Have any of you ever seen these before?

I wonder why he created the wire-enclosed area below the hives?....I guess they are actually chicken coops also? 











.


----------



## PatBeek




----------



## PatBeek

.

I found a Facebook page on how to construct these - sans the chicken coop area:

http://www.facebook.com/note.php?note_id=169351279785887


More information: http://velacreations.com/bees.html

More photos: http://www.flickr.com/photos/velacreations/sets/72157622528453587/

.


----------



## robherc

I don't see anything inherently _wrong_ with the setup, though I'd personally recommend using the steel barrels; those plastic ones can have one HECK of a smell to them when they're fresh, and it seems to "soak into" just about anything that gets near 'em, especially when they get hot. ...That and of course, there's pretty much no way to make a frame to fit in there for attaching feral comb to (I do a lot of cut-outs)...but still seems quite workable.


----------



## PatBeek

.
robherc, that's a good point about the smell. It would probably have to be shaded somewhat.
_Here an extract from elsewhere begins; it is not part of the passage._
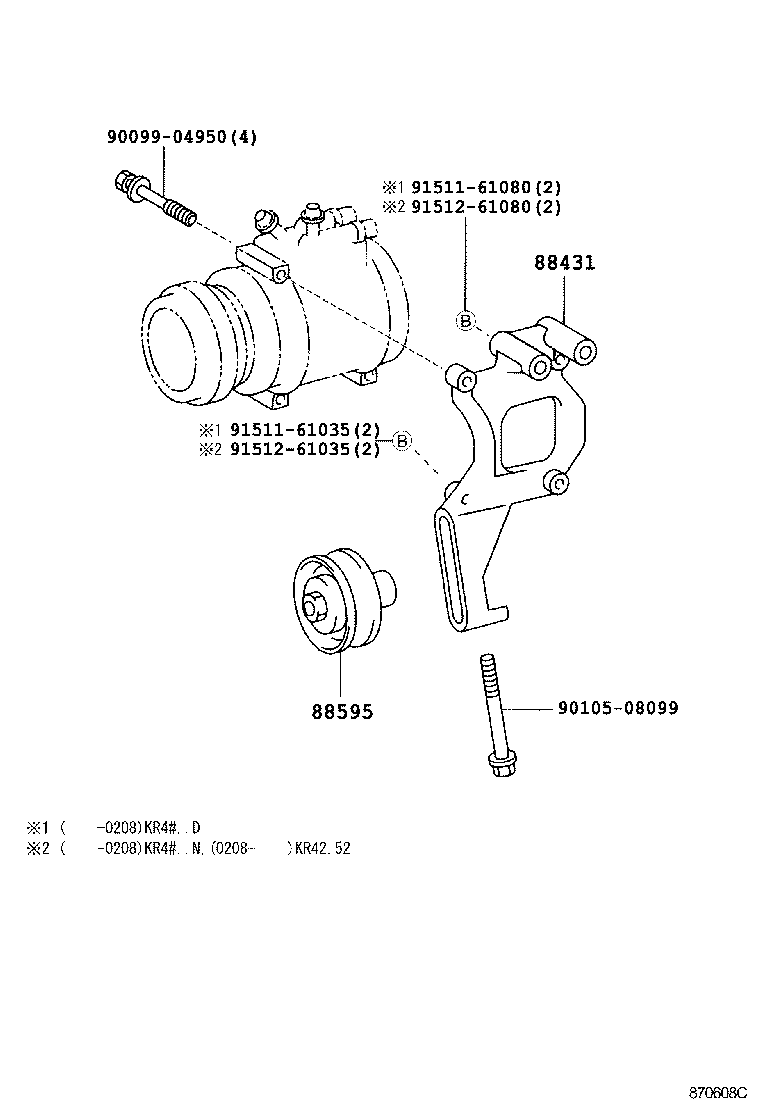 Figure 870608C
I have two free barrels in my garage right now that I was going to use for more rainbarrels, but probably won't. I have enough of those.

I am salivating at the thought of this idea, however.
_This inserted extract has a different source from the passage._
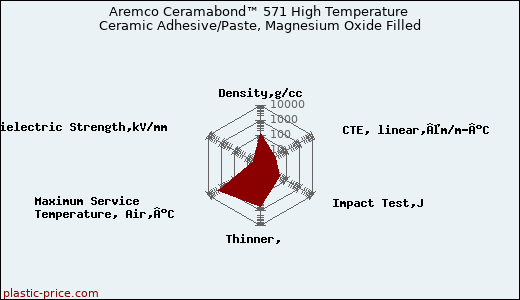 Aremco Ceramabond™ 571 High Temperature Ceramic Adhesive/Paste, Magnesium Oxide Filled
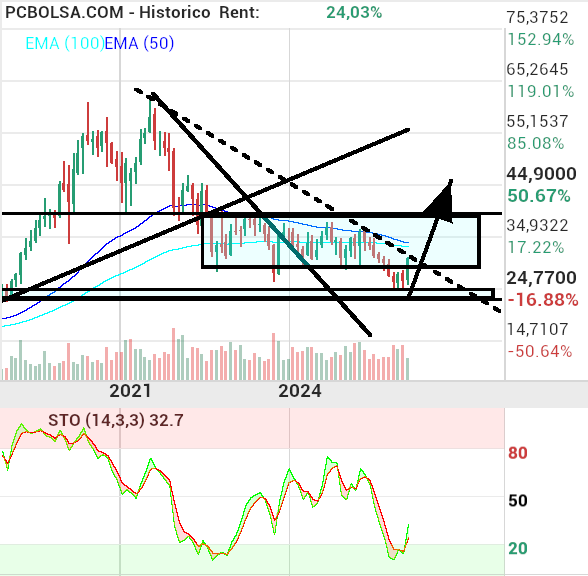 grafico de la accion Cellnex Telecom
But as you said, I'll have to figure out a solution to:


----------



## PatBeek

.

My barrels didn't have anything in them but carnuba wax for fruit in their industrial application.

There were no chemicals in them. It was the type that's straight from the trees.

Anyhow, I'm not sure if you meant the smell from the plastic itself or the contents that may have been in the barrels previously.


----------



## sqkcrk

Just the way the TBHs in Africa were first built. Other than being made from plastic w/ plastic corrugated roofing being plastic, rather than metal the photos look exactly like the first TBHs I saw back in 1984 in Ohio.


----------



## PatBeek

.

My barrel-hive project has officially begun !!!

I've sawed the barrel in half and cut off the top ring on one of the barrels. I have a gentleman who wants one of these on his property and will pay me for it. He will trade goat's milk for me tending the hive also:


----------



## georgeIDH

PatBeek said:


> .
> Have any of you ever seen these before?
> 
> I wonder why he created the wire-enclosed area below the hives?....I guess they are actually chicken coops also?


Yes, those are my hive/coops.

Was inspired by the idea of chicken tractors to maximize our space utilization and combine the chicken coops with the bee hives. The bees don't seem to be active until after 9am and until about 5pm so plenty of time to do work with the chickens when the bees are not zooming around.

I wrote some posts describing the process of building them and why:
http://www.independencehomestead.com/2012/04/09/building-our-top-bar-hives/
http://www.independencehomestead.com/2012/04/10/bee-hive-add-ons/
http://www.independencehomestead.com/2012/04/10/patriotic-duty-to-raise-chickens/
http://www.independencehomestead.com/2012/04/17/top-bar-barrel-bee-hive-chicken-coops/

I have a lot more pictures available too if anyone is interested or has questions.


----------



## georgeIDH

robherc said:


> those plastic ones can have one HECK of a smell to them when they're fresh, and it seems to "soak into" just about anything that gets near 'em, especially when they get hot.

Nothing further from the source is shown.